Short descriptive text snippets:
■ ■ ■ ■ ■

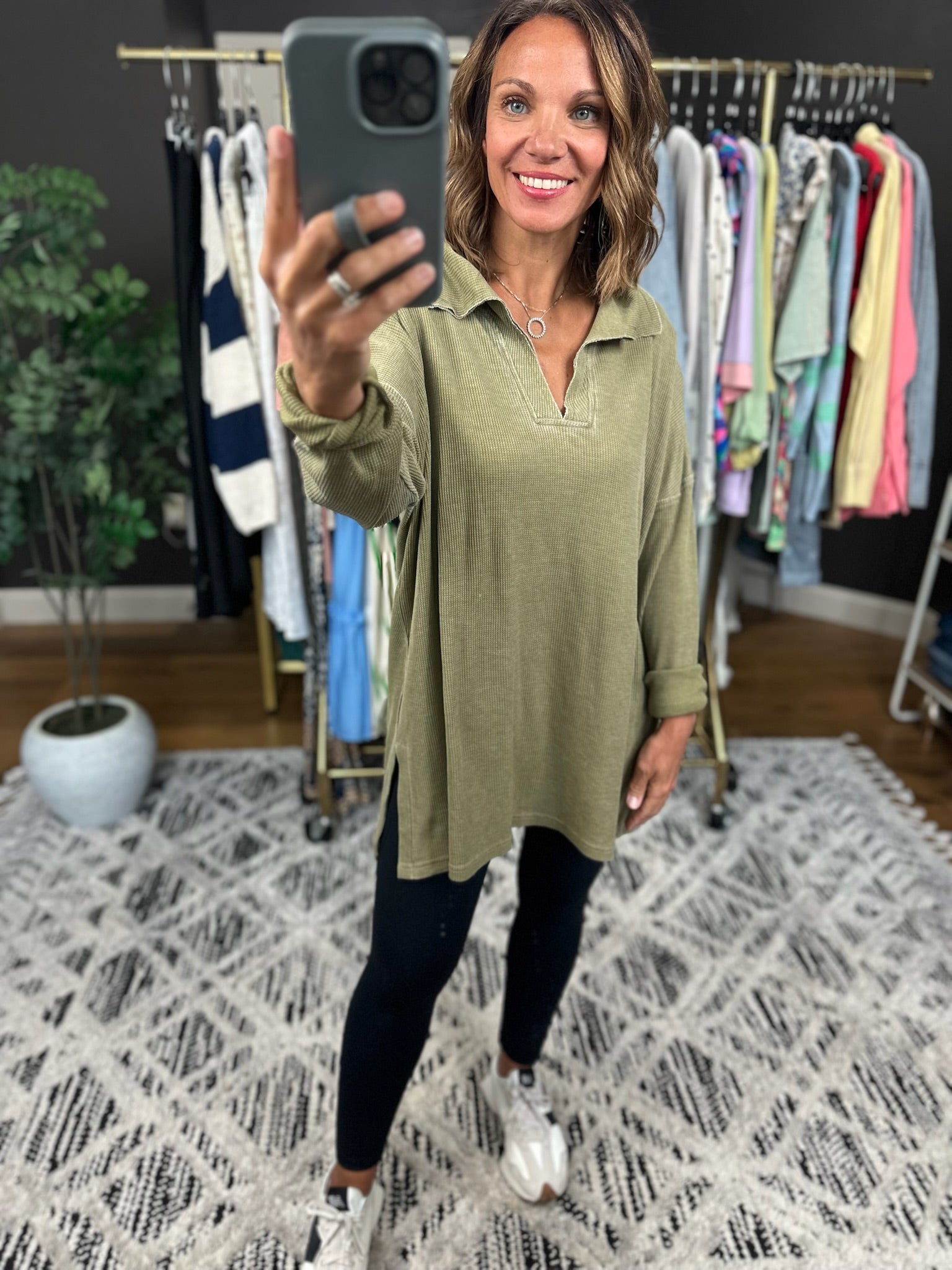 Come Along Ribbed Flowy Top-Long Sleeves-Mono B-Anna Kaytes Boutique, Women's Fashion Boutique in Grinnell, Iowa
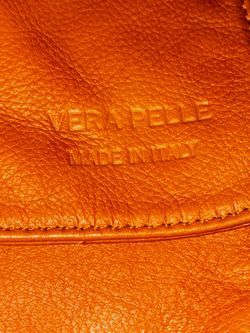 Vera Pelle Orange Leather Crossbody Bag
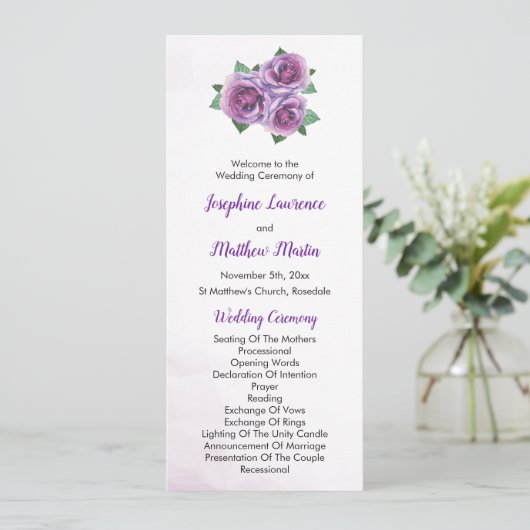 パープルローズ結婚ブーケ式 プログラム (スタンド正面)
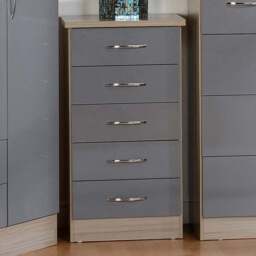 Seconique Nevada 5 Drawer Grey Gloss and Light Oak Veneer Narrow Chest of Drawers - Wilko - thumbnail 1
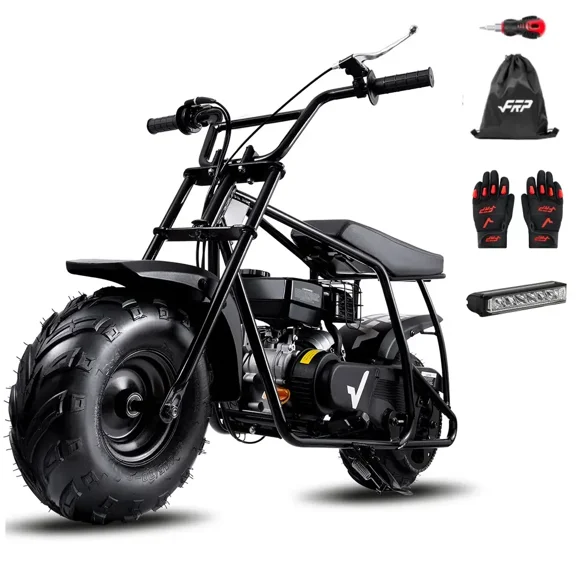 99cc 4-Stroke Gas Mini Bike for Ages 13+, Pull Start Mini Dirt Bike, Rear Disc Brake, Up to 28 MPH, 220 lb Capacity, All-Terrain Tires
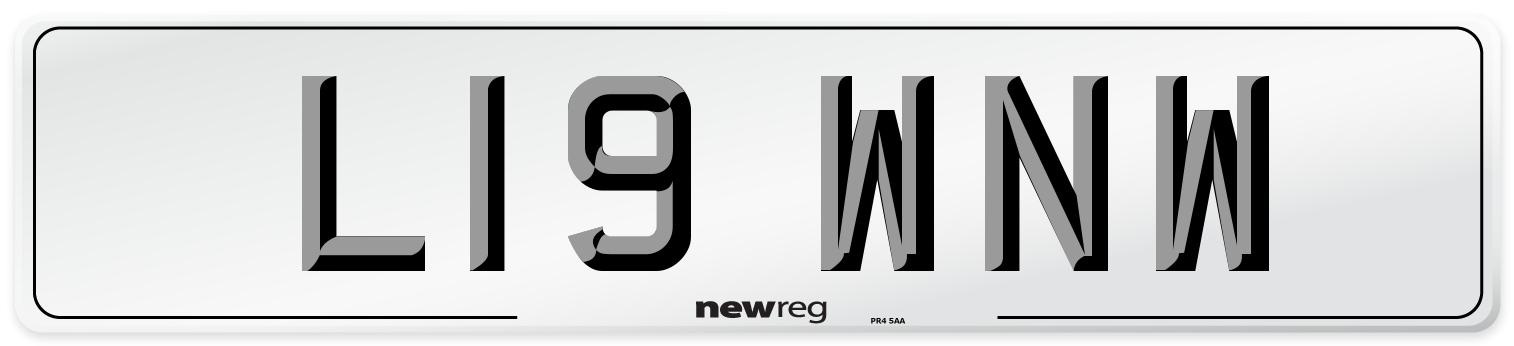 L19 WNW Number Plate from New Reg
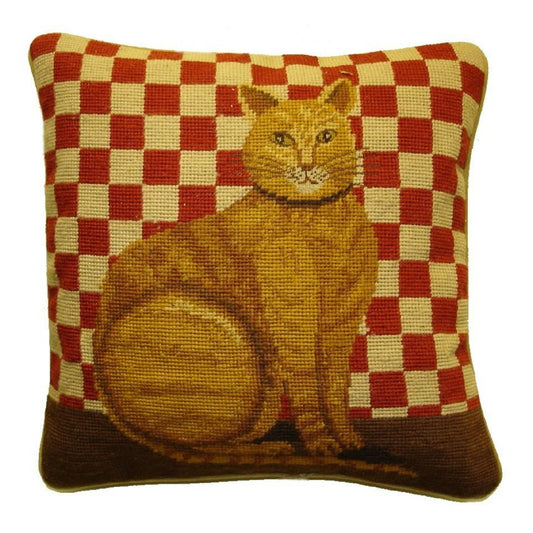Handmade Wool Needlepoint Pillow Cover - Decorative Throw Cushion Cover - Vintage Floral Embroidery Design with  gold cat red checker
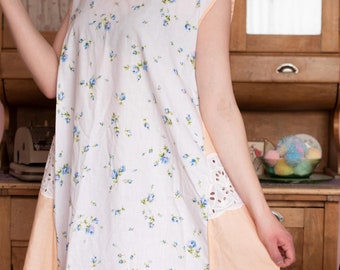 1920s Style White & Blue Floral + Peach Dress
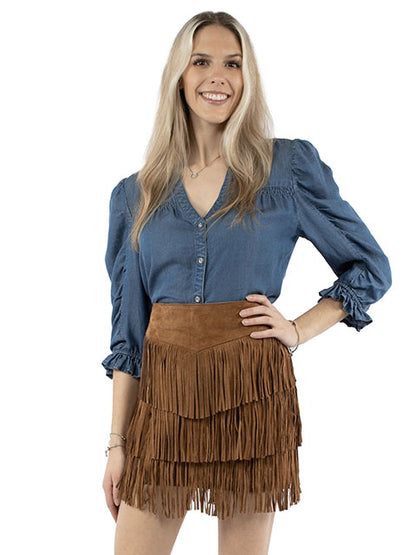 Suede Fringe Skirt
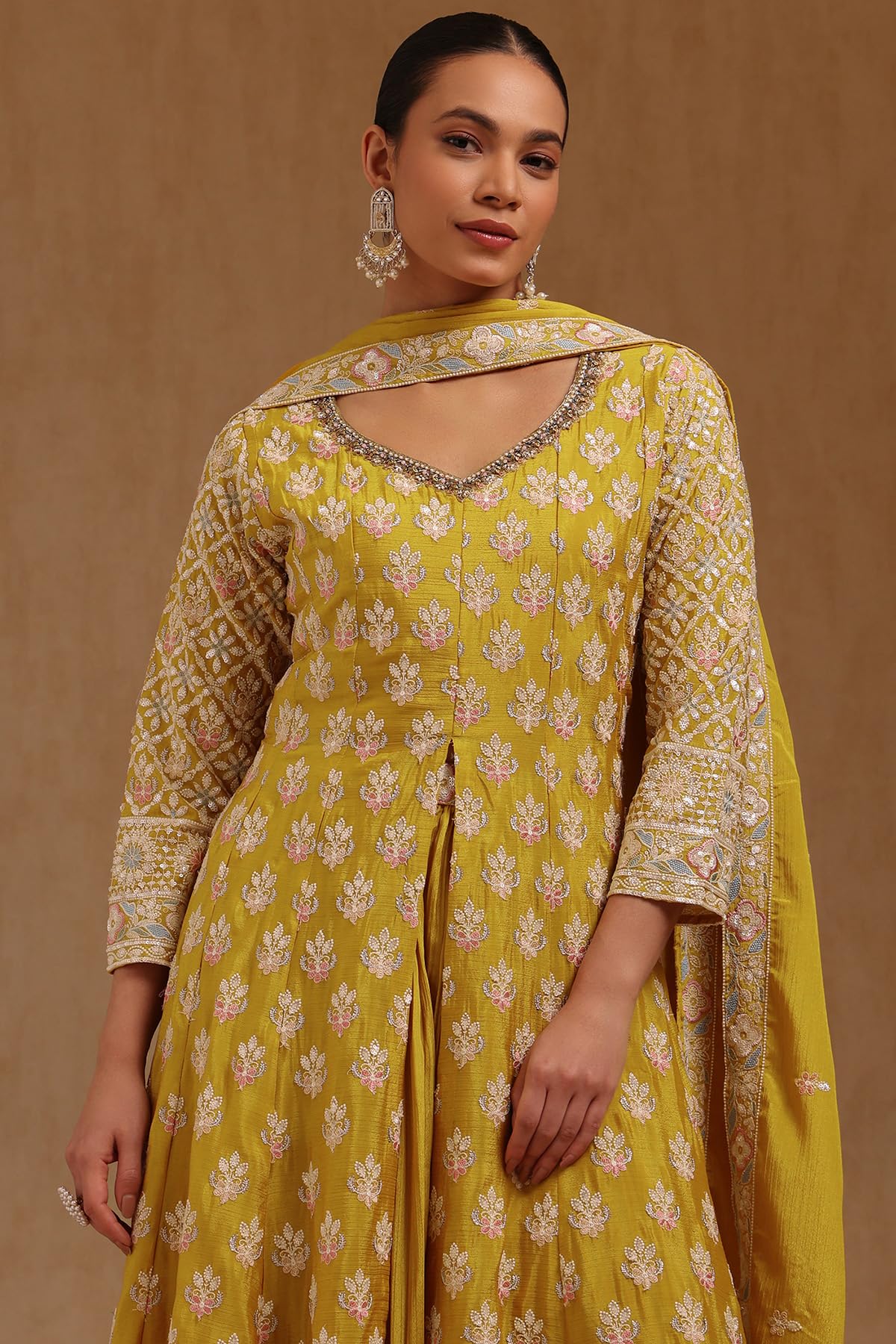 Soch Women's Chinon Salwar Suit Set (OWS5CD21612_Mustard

■ ■ ■ ■ ■

- Aim of the exercise: Return exactly the line containing "Handmade Wool Needlepoint" and every line after it, up to and including the final line of the entries above. Pictures stay out.

- Exercise output:
Handmade Wool Needlepoint Pillow Cover - Decorative Throw Cushion Cover - Vintage Floral Embroidery Design with  gold cat red checker
 1920s Style White & Blue Floral + Peach Dress
 Suede Fringe Skirt
 Soch Women's Chinon Salwar Suit Set (OWS5CD21612_Mustard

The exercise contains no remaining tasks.